I pedagogisti: fuori i genitori dalla scuola

di Salvo Intravaia, la Repubblica, 8.9.2024.

I pedagogisti invocano un passo indietro: “Stanno trasformando i figli in pupazzi contestano i voti e gli rifanno i compiti”. A pochi giorni dall’avvio dell’anno scolastico, l’appello degli esperti: “Nelle aule non abbiamo più soltanto gli alunni ma, per ognuno di loro, abbiamo anche una mamma e un papà e la loro ombra più o meno lunga. Si sostituiscono ai bambini per rendere il disagio più sopportabile”

Genitori che sistemano meticolosamente lo zaino ai propri figli, anche al liceo. Genitori che pretenderebbero di concordare il voto delle verifiche col docente. Genitori che mettono bocca su qualsiasi cosa. Genitori che hanno smesso di fare i genitori e sono diventati i sindacalisti dei figli. Il campionario è vario ma psicologi, pedagogisti, psichiatri e filosofi concordano sul fatto che mamme e papà troppo invadenti stanno danneggiando i propri figli. Da qui l’appello provocatorio di restare “fuori dalla scuola”.

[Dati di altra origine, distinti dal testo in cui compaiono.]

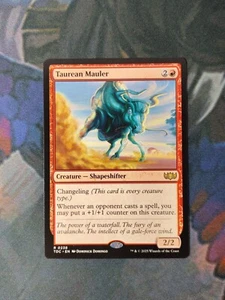 Taurean Mauler | 7% Off 2+ | Dragonstorm | NM | MTG - Bild 1 von 1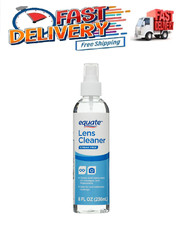 Equate Lens Cleaner 8 fl oz - Free Fast Shipping - USA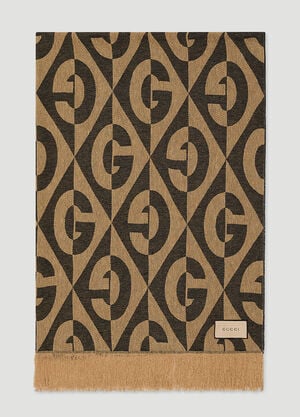 Gucci GG Diamond Blanket Brown wps0680003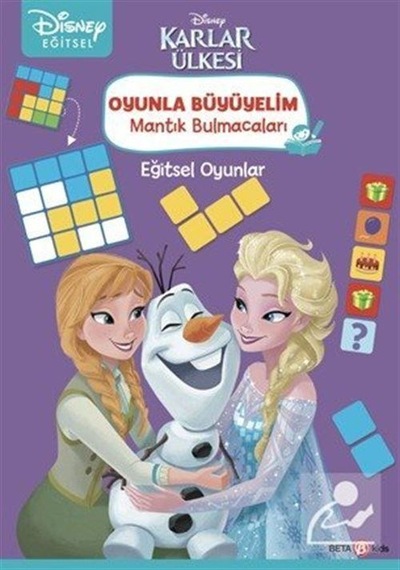 Disney Eğitsel Oyunla Büyüyelim Mantık Bulmacaları - Karlar Ül...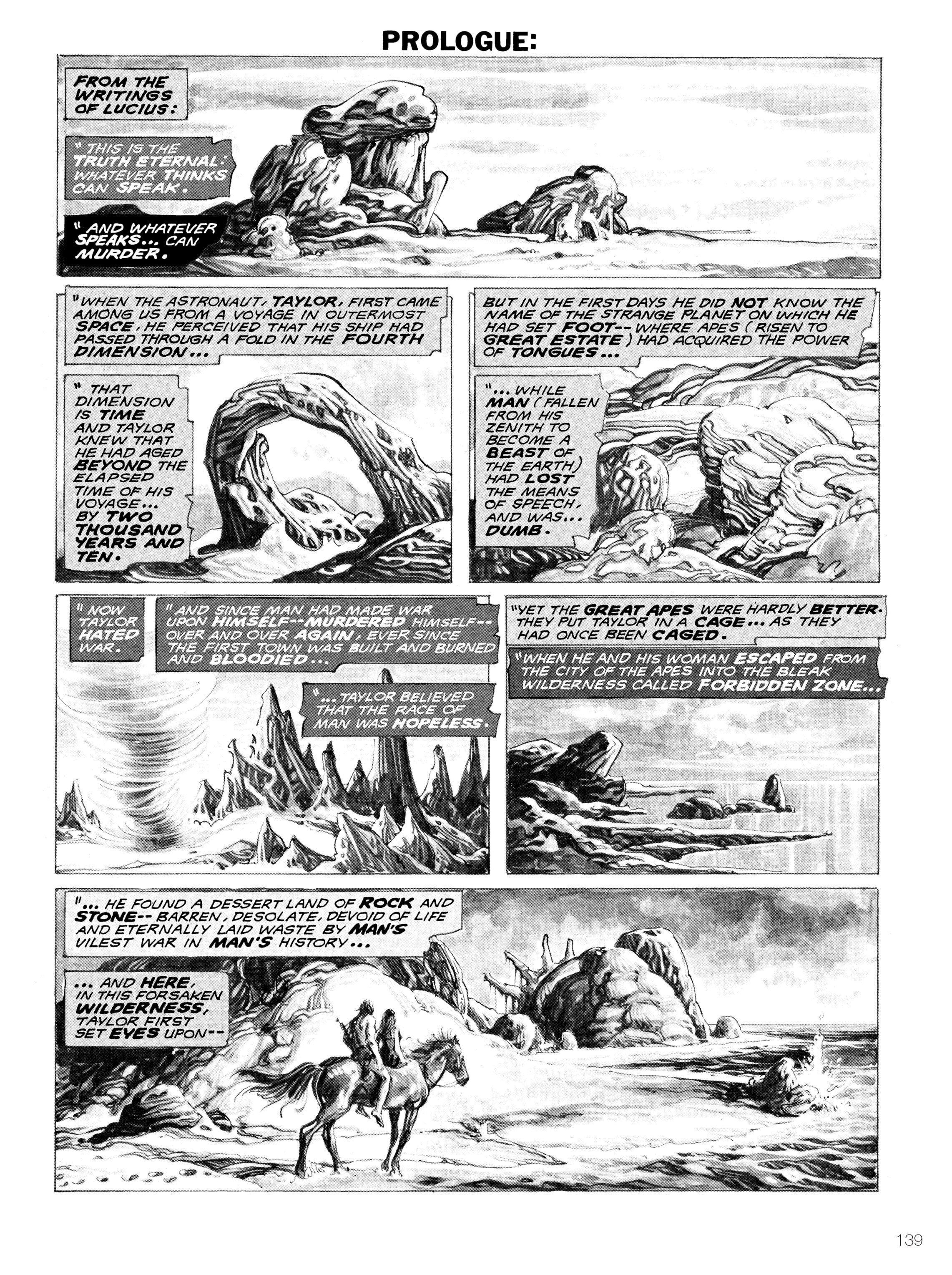 Read online Planet of the Apes: Archive comic -  Issue # TPB 2 (Part 2) - 35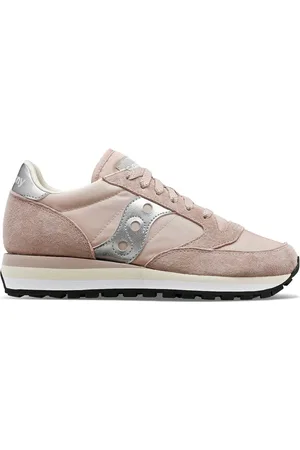Saucony Sko, Dame, Lyserød, 36 EU, Læder, Jazz Triple Sneakers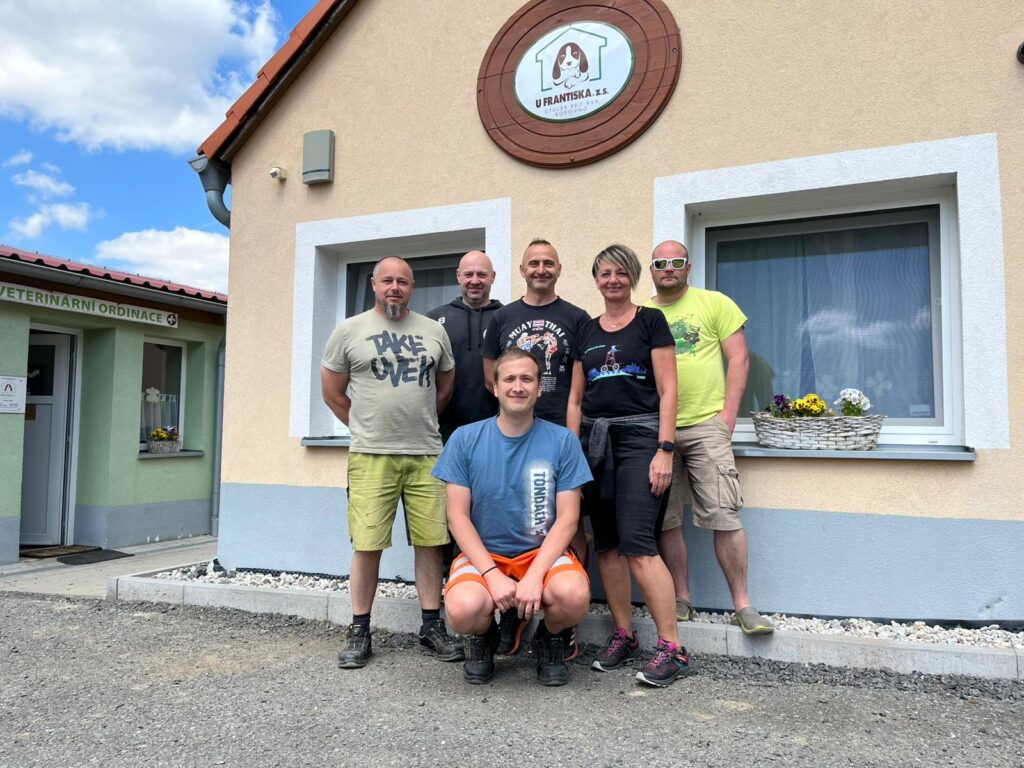 Děkujeme úžasné partě z firmy Wienerberger s.r.o. Stod za výpomoc v rámci dobrovolnického dne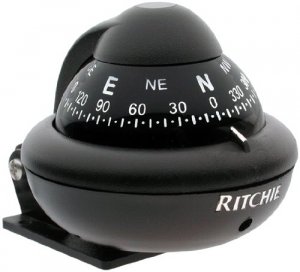 Ritchie X-10B-M X-10b-m Sport Compass - Bracket Mount - Black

L’anno scolastico sta per iniziare. E già in tanti chiedono lo stop ai genitori a scuola. Perché non è raro che due minuti dopo avere attribuito un quattro sul registro elettronico arrivi una mail di richiesta di colloquio al docente interessato. O che i ragazzi chiedano di caricare i voti sul registro elettronico di lunedì, altrimenti se arriva un’insufficienza il weekend si resta a casa in punizione. «Il registro elettronico è una vera follia — spiega Raffaele Morelli, psicoterapeuta — I ragazzi non possono più bigiare, marinare le lezioni, assumendosene la responsabilità. I suicidi sono aumentati del 500% e gli atti di autolesionismo sono in crescita. Ma che i genitori partecipino a tutto questo è gravissimo».

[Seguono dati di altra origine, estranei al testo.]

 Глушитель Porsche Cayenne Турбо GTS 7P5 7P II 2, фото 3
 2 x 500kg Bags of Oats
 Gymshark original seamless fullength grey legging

Rincara la dose lo psichiatra Paolo Crepet: «Il registro elettronico è la più grande boiata che abbiano mai potuto inventare». La diavoleria introdotta alcuni anni fa ha privato gli alunni di sbagliare, togliendo loro qualsiasi autonomia. E rendendoli sempre più fragili. «Nelle aule scolastiche — aggiunge il pedagogista Daniele Novara — non abbiamo più soltanto gli alunni ma, per ognuno di loro, abbiamo anche due genitori e la loro ombra più o meno lunga». E parla dei compiti per casa. «Il caso dei compiti è eclatante. Specie alla primaria e alla secondaria di primo grado. Spesso non si capisce chi li fa — spiega — neanche fossero un’opera collettiva di carattere familiare». E lo sa bene Patrizia Borrelli, che insegna alla primaria Domenico Purificato di Roma: «Preferiscono che non li facciano piuttosto che fatti dai genitori». Poi spiega: «I genitori si sostituiscono ai propri figli anche nelle cose più semplici per rendere loro il disagio più sopportabile. A casa i bambini dovrebbero curare i materiali scolastici per il giorno dopo: temperare le matite, sistemare gli astucci, vedere se sono rimaste merendine nello zaino». Ma spesso la docente nota che gli zaini sono troppo ordinati. Per Morelli «stiamo trasformando i bambini in pupazzi». E punta il dito sulla ipercompetizione veicolata quasi sempre da mamme e papà primi della classe.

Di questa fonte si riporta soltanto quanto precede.